I love this description from Susan Murphy, an Australian Zen teacher, of how she integrates Australian Aboriginal ways into her Buddhist practice, in “Indigenous Dharma: Native American and Buddhist Voices,” an article she co-authored in Inquiring Mind:
“When you know the place where you are, practice begins,” says Dogen. One could say that every stage of Buddhist practice, including realization itself, forms and deepens a covenant with the Earth. We bear witness to the Earth by learning to really be here, and when reality breaks through and shakes us to the core, it is the Earth reciprocating that intimate gesture of custodianship. It is one elemental act of kindness being met by another. The testimonies [in this article] from Native American and Buddhist teachers bring to light some of the affinities of Buddhist practice with the old, native Earth-based traditions and their protocols for creating and tending good relations with the Earth, the source of life.” (Travis, Duran, Wahpepah, Fox Davis, Allione, & Murphy, 2005)

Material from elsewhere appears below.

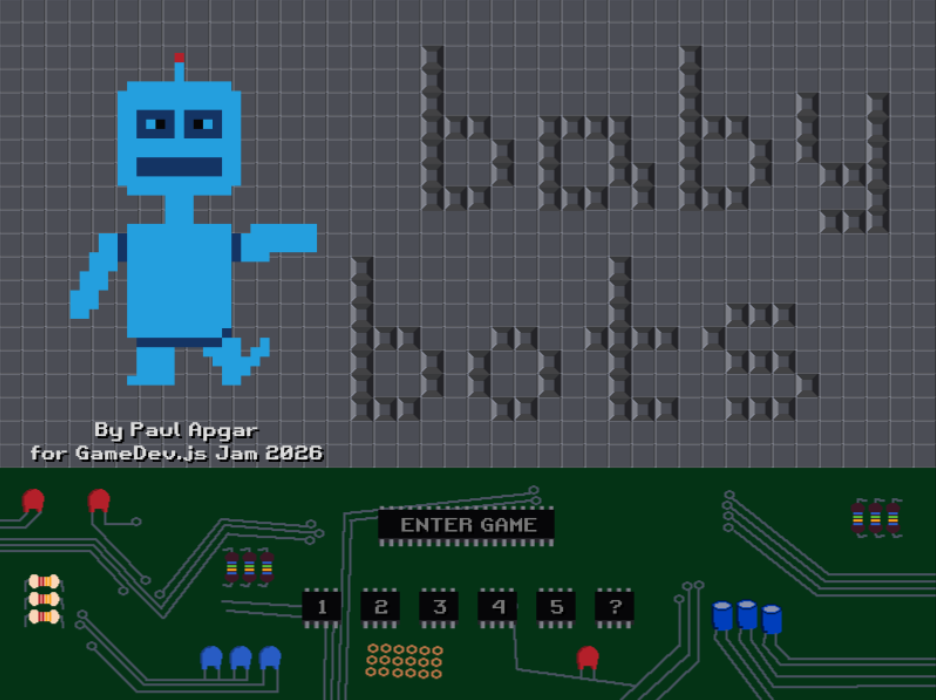Baby Bots by papgar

I was inspired to find the way these teachers describe the earth and the Buddha touching the earth has much in common with my posting “The Heart of the Practice.“
The “earth” here is not a concept to be believed in, it refers to the way deepening experiencing transforms how we experience self, others and the world and orients and empowers us. I understand this in the light of my own practice, oriented to emotion-focused theory and epistemology, which carries in its heart Eugene Gendlin’s psychological and philosophical work, and I also find inspiration in my secular Buddhist roots. Cognitive science and emotion theory agree with the Buddhist principle of dependent arising that consciousness emerges co-created by processes within us and around us. This means, as Winton Higgins points out here in his (2015) “Heidegger for Dharma Wallahs,” our being arises already participating in a reality that continually transcends us. Our bodies resonate with situations, situations that co-create us. We can come alive to this by allowing the felt sense to arise, deepening our experiencing of the felt sense, and making sense of and reflecting on the next small step it implies — that’s what feelings are for. Coming alive to our whole felt sense of how things are in the moment has implications for how we live.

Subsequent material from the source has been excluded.